> _SUPPLIED INFORMATION_
::::::
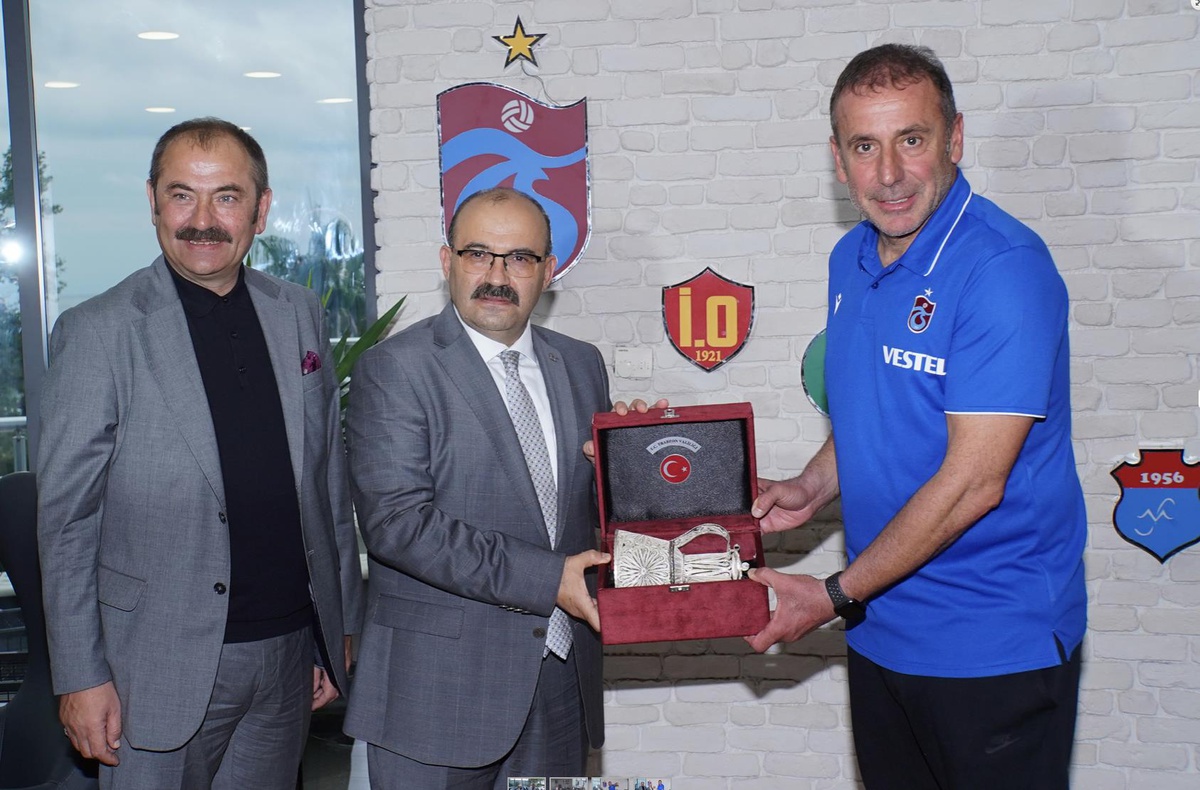 Trabzon Valisi Ustaoğlu'ndan Trabzonspor'a ziyaret - Vimarsana News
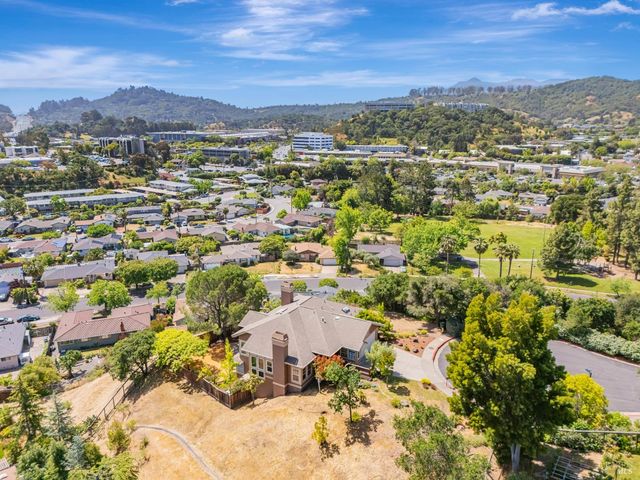 359 Orchid Dr, San Rafael, CA 94903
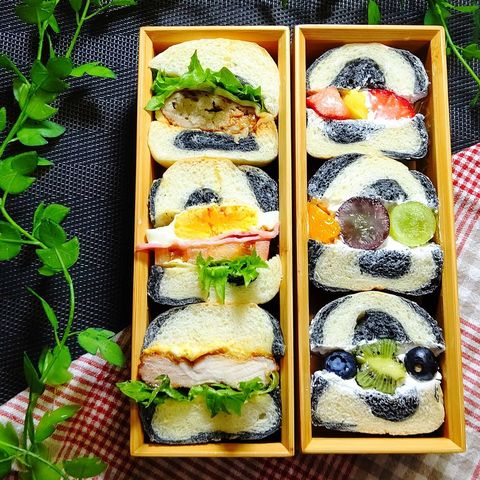 サンドイッチ、お弁当、卵、チキン、イチゴ、ぶどう、キウイフルーツ。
::::::
> _AIM OF THE EXERCISE_
The expected output is the full material above, unaltered, with pictures removed.

> _WRITTEN SOLUTION_
 Trabzon Valisi Ustaoğlu'ndan Trabzonspor'a ziyaret - Vimarsana News
 359 Orchid Dr, San Rafael, CA 94903
 サンドイッチ、お弁当、卵、チキン、イチゴ、ぶどう、キウイフルーツ。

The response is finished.